You’re completely right that Mega Man is in no way a series that seeks to make a statement about feminism, women, or gender at all (barring perhaps IntiCreates’ weird mathematical gender quotas). It is definitely a game about super fighting robots. And thank goodness! It probably wouldn’t have gotten very far otherwise.
No, the series was never *trying* to say anything about women. That’s not the issue. The issue was the reverse- that it really didn’t think about us very much at all.
I’m not saying it should have, per se. It was a video game for boys in an era where video games were pretty much all for boys. Capcom didn’t have any social responsibility to appeal to the girls who were playing the games, much less to attempt to create wholesome role models for them. It didn’t even have an economic responsibility. It would have been very unnecessarily ahead of its time to do so.
Listen, I’m sorry- by the colorful insults you’re throwing my way, I feel like you’re feeling attacked right now, and I’m sorry to have... what was your terminology? “Triggered” you? That wasn’t my intention. I’m not trying to demonize the games or the people who love them. *I* love them.
I’m not saying the games committed some horrid crime by forgetting to give the girls playing them a better example of women in the universe than the maids and desk clerks it portrayed. I’m just saying that, as a woman, thinking back to how important the games were to me growing up, I just kind of wish they had.
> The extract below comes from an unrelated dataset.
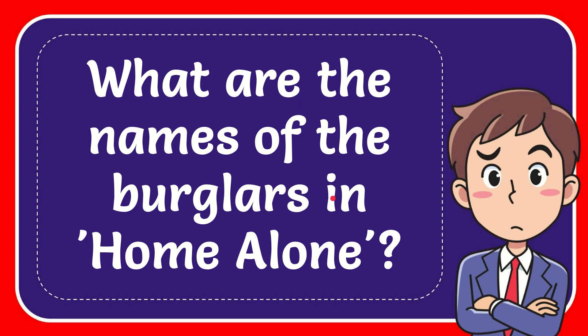In this video, I'm going to give you the answer to this question: What are the names of the burglars in Home Alone?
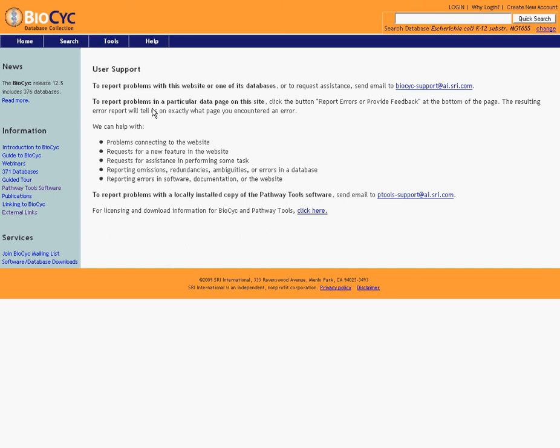Always feel free to email us whenever you have an issue, a suggestion, we like suggestions, or any other concern or recommendation or nice comment about the BioCyc database collection. And with that, I encourage you to fire up the database, go start running some searches, use the quick search, use the intermediate search, learn to use the advanced search, go wild and enjoy the BioCyc database collection.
So, now that it’s been decades and we’re all grown up and not fantasizing about being super fighting robots anymore, I just kind of want to talk about how it’s sort of funny and sort of sad how different things were back then, and how they changed over the years.
I’m sorry if some part of that was upsetting to you, personally, and/or your sociopolitical sensibilities.
Thanks again for reading, really.
But on a more serious note, I agree the handling of females in the series at large is pretty shameful. Personally, it doesn't change my enjoyment of the series much at all. The Classic and Zero are my personal favorites, with ZX being something I enjoy and the X series being one that I don't particularly like at all. Either way, it was interesting to read a more in-depth analysis of the females in the series. Maybe Rockman 11 could even try to buck the trend. I mean, likely not, but it'd be nice regardless.
Speaking of which, have you tried reading the Archie comics of the series? It tries to add in interesting, competent female characters when it can, without sacrificing the core of the series either. It's a fun read, besides.
I'd type more, but I gotta go for now, so I might come back and talk more later.